Once again it is clearly depicted in the Fig. 7a and b that the proposed meta-heuristic performs exceptionally well as compared to the other research contributions in terms of network lifetime. Besides, it is evident from Fig. 7a and b that the lifetime of the network sharply decreases while increasing targets in the fixed sensing area. Since an increasing number of targets with the same set of fixed sensors, more sensors are needed in the cover set, which in turn decreases the achieved network lifetime.

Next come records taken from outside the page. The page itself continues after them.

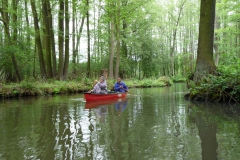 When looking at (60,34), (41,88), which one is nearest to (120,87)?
(41,88)

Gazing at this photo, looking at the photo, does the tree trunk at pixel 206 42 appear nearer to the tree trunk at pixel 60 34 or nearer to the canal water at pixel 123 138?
the canal water at pixel 123 138

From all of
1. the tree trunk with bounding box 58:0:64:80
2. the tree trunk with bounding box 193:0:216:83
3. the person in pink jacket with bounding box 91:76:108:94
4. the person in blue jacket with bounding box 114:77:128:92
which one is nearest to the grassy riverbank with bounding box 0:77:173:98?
the tree trunk with bounding box 58:0:64:80

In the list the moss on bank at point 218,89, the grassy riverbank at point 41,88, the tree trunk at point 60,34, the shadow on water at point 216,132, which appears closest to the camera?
the shadow on water at point 216,132

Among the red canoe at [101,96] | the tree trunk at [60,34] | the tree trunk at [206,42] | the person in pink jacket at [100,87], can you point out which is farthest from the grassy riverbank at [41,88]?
the tree trunk at [206,42]

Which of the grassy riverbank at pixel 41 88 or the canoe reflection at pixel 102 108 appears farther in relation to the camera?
the grassy riverbank at pixel 41 88

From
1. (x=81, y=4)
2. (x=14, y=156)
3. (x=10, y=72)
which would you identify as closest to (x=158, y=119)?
(x=14, y=156)

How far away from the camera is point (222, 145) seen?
400 cm

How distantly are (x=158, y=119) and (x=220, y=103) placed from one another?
4.33 metres

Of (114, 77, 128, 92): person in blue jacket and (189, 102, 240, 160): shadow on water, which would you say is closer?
(189, 102, 240, 160): shadow on water

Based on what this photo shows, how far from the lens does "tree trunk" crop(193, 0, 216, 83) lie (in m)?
10.0

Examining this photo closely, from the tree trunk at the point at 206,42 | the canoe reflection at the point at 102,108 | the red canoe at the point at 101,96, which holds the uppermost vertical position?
the tree trunk at the point at 206,42

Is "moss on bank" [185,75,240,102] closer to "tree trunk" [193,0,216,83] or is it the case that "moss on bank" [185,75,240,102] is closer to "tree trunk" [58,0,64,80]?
"tree trunk" [193,0,216,83]

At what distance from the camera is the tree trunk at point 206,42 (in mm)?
10031

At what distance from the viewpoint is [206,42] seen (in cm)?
1023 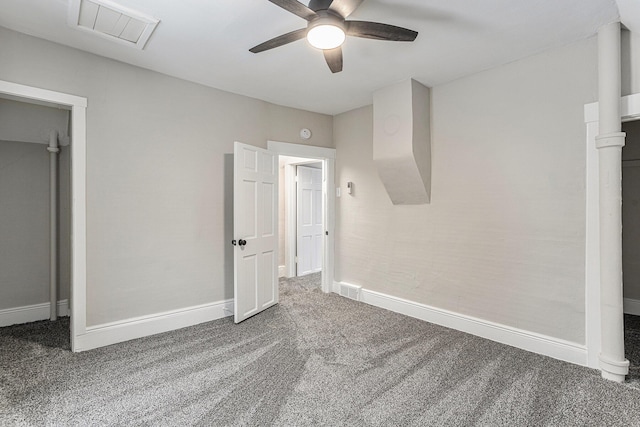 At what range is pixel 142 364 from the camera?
253 centimetres

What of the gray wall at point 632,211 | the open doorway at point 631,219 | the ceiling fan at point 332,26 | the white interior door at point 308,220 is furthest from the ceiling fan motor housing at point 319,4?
the gray wall at point 632,211

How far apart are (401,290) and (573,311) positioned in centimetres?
164

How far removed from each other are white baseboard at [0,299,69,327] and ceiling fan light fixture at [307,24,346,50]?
387 centimetres

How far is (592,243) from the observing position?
2.46 meters

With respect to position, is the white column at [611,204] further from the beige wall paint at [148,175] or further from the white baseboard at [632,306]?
the beige wall paint at [148,175]

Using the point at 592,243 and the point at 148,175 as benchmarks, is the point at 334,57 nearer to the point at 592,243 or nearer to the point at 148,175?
the point at 148,175

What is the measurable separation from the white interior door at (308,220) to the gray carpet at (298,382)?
97.0 inches

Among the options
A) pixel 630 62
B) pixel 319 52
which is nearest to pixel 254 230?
pixel 319 52

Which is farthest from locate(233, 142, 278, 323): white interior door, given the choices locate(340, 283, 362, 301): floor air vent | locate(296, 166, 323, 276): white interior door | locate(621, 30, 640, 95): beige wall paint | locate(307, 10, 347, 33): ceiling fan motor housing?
locate(621, 30, 640, 95): beige wall paint

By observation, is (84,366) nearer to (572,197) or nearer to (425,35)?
(425,35)

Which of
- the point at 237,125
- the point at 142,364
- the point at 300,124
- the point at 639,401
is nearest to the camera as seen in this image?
the point at 639,401

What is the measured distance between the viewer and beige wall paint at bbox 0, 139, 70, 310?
3.32 m

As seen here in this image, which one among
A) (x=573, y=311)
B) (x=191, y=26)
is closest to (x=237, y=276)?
(x=191, y=26)

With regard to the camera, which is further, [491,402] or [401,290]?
[401,290] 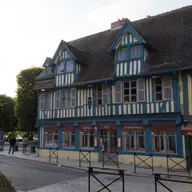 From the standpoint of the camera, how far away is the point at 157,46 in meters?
16.5

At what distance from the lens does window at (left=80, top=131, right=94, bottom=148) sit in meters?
17.8

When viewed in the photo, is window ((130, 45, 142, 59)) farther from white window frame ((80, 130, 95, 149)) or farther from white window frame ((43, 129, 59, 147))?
white window frame ((43, 129, 59, 147))

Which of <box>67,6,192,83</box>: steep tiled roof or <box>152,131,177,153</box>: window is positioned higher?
<box>67,6,192,83</box>: steep tiled roof

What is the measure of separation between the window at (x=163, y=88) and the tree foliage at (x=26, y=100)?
62.4 ft

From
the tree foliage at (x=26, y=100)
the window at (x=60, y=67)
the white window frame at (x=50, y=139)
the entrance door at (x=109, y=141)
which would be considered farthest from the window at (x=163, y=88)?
the tree foliage at (x=26, y=100)

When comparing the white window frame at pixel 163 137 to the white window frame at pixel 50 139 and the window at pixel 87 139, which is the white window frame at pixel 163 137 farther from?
the white window frame at pixel 50 139

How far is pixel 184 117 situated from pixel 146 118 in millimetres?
2295

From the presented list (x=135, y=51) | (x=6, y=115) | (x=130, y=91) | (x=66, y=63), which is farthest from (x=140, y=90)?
(x=6, y=115)

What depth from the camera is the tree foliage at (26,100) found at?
30.1 m

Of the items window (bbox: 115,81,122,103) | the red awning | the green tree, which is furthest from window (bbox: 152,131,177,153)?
the green tree

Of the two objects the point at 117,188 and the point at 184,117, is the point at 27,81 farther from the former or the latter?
the point at 117,188

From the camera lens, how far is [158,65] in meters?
15.0

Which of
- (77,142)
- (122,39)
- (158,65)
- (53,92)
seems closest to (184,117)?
(158,65)

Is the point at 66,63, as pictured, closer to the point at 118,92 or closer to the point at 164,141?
the point at 118,92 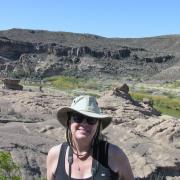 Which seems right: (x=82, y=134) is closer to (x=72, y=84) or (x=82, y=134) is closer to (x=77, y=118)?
(x=77, y=118)

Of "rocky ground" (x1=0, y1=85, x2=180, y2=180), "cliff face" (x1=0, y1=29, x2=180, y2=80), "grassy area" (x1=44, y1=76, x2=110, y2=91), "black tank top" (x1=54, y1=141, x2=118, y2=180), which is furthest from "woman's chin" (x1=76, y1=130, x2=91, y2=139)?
"cliff face" (x1=0, y1=29, x2=180, y2=80)

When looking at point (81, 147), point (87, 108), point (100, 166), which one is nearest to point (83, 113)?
point (87, 108)

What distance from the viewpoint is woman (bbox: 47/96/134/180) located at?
12.3ft

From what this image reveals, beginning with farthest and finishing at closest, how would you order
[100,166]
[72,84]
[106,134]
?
[72,84] < [106,134] < [100,166]

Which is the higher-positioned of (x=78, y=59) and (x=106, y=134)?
(x=106, y=134)

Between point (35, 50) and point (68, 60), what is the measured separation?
915 centimetres

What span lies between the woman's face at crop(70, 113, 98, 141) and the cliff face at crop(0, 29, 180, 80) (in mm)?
73154

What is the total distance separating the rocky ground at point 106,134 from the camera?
10.4m

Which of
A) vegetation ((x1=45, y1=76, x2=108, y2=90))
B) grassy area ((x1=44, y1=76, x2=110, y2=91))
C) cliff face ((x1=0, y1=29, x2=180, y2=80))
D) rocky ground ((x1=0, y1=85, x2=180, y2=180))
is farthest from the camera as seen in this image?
cliff face ((x1=0, y1=29, x2=180, y2=80))

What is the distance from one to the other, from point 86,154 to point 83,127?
19cm

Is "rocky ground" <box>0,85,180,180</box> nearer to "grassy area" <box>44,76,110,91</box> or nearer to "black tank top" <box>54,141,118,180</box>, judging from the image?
"black tank top" <box>54,141,118,180</box>

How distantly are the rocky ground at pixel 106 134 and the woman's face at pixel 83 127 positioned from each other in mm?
5611

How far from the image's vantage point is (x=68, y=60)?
289ft

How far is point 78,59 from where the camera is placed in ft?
294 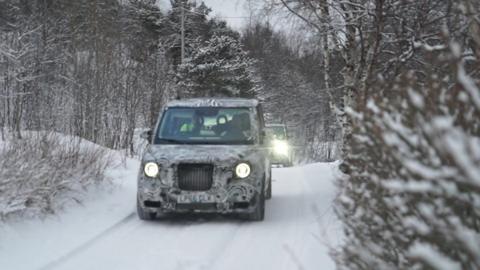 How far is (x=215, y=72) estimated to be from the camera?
37594 millimetres

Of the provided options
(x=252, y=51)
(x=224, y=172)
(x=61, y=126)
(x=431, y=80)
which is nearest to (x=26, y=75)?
(x=61, y=126)

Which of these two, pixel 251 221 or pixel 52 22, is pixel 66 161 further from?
pixel 52 22

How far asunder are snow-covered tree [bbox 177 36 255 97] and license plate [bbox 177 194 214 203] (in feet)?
91.3

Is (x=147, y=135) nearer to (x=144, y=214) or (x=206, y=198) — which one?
(x=144, y=214)

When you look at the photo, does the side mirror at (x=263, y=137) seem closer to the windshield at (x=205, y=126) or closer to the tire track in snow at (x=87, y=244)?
the windshield at (x=205, y=126)

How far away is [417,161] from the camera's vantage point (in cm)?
308

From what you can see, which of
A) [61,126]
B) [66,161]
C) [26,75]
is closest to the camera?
[66,161]

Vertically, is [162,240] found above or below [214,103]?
below

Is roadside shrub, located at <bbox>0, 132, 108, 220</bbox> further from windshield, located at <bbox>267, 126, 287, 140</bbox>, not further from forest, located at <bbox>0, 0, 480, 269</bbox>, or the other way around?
windshield, located at <bbox>267, 126, 287, 140</bbox>

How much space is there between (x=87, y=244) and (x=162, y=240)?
3.02 feet

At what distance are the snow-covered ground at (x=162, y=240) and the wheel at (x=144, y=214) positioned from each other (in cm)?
12

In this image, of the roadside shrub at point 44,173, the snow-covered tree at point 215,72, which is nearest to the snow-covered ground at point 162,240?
the roadside shrub at point 44,173

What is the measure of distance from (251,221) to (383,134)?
5952 millimetres

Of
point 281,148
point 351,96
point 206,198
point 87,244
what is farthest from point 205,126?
point 281,148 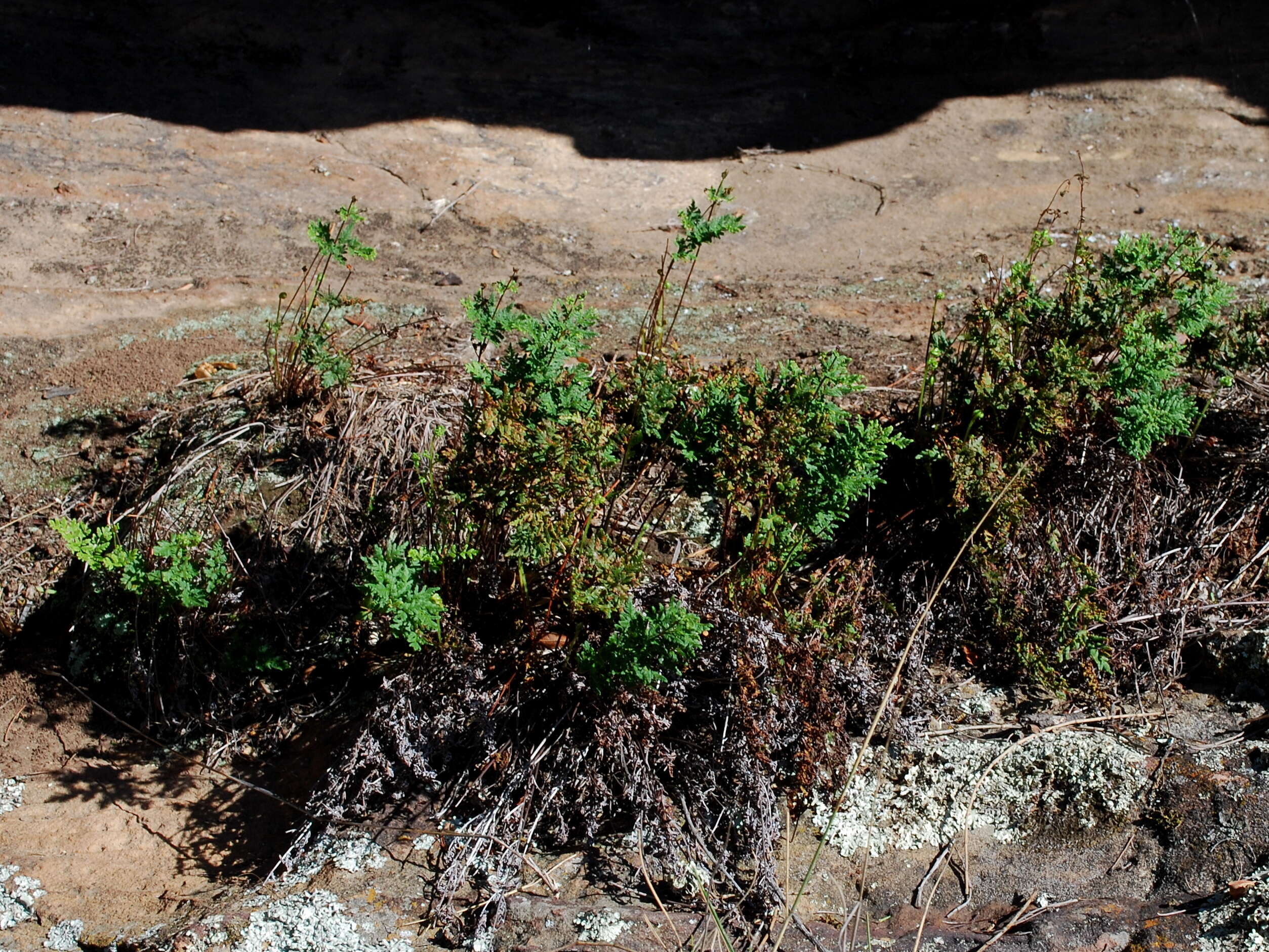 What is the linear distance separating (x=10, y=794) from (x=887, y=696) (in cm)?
266

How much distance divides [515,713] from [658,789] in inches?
17.3

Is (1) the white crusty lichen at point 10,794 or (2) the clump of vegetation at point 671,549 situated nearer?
(2) the clump of vegetation at point 671,549

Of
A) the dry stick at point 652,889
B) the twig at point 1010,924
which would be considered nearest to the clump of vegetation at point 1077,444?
the twig at point 1010,924

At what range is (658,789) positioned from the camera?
2715mm

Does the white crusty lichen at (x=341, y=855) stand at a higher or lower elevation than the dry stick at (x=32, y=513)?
lower

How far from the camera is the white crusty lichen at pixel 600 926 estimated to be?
97.8 inches

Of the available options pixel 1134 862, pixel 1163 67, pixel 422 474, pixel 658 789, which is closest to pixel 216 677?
pixel 422 474

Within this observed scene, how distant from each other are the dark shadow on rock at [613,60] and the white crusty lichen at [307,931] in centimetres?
493

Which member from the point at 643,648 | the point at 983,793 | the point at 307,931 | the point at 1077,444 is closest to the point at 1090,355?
the point at 1077,444

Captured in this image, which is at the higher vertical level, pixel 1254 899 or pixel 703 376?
pixel 703 376

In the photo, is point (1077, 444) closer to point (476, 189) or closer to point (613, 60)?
point (476, 189)

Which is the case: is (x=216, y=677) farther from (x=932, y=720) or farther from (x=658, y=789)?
(x=932, y=720)

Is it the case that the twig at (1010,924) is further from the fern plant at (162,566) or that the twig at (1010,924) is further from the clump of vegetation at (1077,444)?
the fern plant at (162,566)

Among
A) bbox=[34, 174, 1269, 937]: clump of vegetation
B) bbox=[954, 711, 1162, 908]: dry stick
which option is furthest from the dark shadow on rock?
bbox=[954, 711, 1162, 908]: dry stick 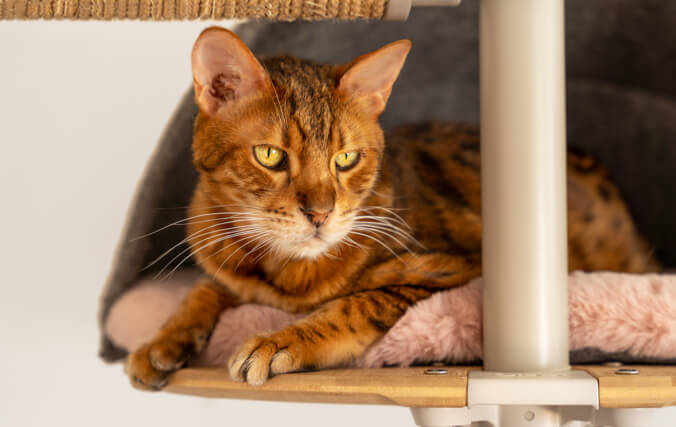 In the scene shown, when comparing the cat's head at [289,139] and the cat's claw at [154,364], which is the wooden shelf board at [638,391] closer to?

Thus, Figs. 6a–b and 7a–b, shows that the proposed meta-heuristic performance is exceptionally better than existing research contributions [15, 18, 27].

6 Conclusion

In this research work, the author has proposeda novel genetic algorithm inspired heuristic for prolonging the lifetime of the network for target coverage problems inWSNs. The research works [15, 18, 27] done so far on the addressed issue to extend the achievable network lifetime is also based on the genetic algorithm paradigm. The proposed meta-heuristic is based on a modified mutation operation instead of a conventional mutation. In conventional mutation, any random gene value is flipping from 0 to 1 in order to make the newly created chromosome valid. The modified operation does not flip the random gene value from 0 to 1; instead it first checks the critical target coverage and then decides which gene value should be flipped. To do so, the modified mutation operation flips only that gene’s value for which the corresponding sensor does not cover critical targets. By applying a mutation operation this way (modified mutation), one can extend the coverage of critical targets, which in turn extend the achievable network lifetime.

In the future, the author wants to extend this work for various other variants of target coverage which includes, target Q-Coverage, Target Connected Coverage, Partial Coverage, Connected K-Coverage, and many more.